EXERCISE AIM -
Print exactly the lines from the line with "SHELL Bar MS122" to the last line of the data, please, both included.

Extracted data entries

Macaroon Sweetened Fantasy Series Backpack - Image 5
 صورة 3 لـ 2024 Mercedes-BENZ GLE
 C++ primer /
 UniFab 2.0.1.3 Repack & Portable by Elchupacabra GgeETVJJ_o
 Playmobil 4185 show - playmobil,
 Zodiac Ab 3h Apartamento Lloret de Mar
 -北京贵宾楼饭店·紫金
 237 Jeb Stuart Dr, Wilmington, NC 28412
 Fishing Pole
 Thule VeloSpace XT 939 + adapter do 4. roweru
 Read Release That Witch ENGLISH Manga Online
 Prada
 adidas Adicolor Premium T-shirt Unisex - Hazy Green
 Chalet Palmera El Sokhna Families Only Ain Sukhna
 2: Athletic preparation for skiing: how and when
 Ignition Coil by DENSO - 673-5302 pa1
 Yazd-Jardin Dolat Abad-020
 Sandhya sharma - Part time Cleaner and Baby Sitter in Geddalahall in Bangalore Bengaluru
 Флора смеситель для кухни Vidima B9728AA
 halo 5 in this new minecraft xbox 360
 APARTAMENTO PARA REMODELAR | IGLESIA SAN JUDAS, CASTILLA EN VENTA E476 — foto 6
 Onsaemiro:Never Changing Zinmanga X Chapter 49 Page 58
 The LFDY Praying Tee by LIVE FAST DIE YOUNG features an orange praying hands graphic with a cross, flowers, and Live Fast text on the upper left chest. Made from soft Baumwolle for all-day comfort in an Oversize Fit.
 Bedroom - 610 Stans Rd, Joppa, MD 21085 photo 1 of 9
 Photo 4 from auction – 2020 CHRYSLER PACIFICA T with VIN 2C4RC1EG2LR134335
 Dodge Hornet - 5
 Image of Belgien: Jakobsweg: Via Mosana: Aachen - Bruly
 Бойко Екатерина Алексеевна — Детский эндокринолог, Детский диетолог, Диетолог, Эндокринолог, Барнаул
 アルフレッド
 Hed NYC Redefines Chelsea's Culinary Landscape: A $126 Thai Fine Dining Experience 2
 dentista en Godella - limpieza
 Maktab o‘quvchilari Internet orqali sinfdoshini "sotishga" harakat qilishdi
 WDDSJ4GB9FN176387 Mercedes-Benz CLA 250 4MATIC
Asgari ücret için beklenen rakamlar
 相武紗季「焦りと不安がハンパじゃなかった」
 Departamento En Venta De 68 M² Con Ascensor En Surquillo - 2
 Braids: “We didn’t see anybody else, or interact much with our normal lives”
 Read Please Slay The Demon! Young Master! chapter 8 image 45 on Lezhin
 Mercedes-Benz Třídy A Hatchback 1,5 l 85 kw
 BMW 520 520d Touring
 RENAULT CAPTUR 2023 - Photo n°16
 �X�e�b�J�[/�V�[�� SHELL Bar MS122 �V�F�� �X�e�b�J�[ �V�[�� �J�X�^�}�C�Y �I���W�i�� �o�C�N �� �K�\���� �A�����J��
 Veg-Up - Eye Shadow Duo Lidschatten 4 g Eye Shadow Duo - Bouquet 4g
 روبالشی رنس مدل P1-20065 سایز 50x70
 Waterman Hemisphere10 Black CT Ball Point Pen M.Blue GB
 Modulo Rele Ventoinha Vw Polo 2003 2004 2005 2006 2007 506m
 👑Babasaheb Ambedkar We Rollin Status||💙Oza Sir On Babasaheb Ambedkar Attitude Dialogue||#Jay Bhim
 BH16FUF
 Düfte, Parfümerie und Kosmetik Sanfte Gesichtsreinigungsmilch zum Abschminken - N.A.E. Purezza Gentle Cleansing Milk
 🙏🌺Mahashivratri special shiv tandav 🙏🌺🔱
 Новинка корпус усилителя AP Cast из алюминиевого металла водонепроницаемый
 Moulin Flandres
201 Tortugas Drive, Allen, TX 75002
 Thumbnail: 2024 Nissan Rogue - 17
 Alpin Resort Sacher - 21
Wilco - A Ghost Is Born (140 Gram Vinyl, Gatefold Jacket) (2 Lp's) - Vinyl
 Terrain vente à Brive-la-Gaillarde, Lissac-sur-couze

TASK RESULT -
 �X�e�b�J�[/�V�[�� SHELL Bar MS122 �V�F�� �X�e�b�J�[ �V�[�� �J�X�^�}�C�Y �I���W�i�� �o�C�N �� �K�\���� �A�����J��
 Veg-Up - Eye Shadow Duo Lidschatten 4 g Eye Shadow Duo - Bouquet 4g
 روبالشی رنس مدل P1-20065 سایز 50x70
 Waterman Hemisphere10 Black CT Ball Point Pen M.Blue GB
 Modulo Rele Ventoinha Vw Polo 2003 2004 2005 2006 2007 506m
 👑Babasaheb Ambedkar We Rollin Status||💙Oza Sir On Babasaheb Ambedkar Attitude Dialogue||#Jay Bhim
 BH16FUF
 Düfte, Parfümerie und Kosmetik Sanfte Gesichtsreinigungsmilch zum Abschminken - N.A.E. Purezza Gentle Cleansing Milk
 🙏🌺Mahashivratri special shiv tandav 🙏🌺🔱
 Новинка корпус усилителя AP Cast из алюминиевого металла водонепроницаемый
 Moulin Flandres
201 Tortugas Drive, Allen, TX 75002
 Thumbnail: 2024 Nissan Rogue - 17
 Alpin Resort Sacher - 21
Wilco - A Ghost Is Born (140 Gram Vinyl, Gatefold Jacket) (2 Lp's) - Vinyl
 Terrain vente à Brive-la-Gaillarde, Lissac-sur-couze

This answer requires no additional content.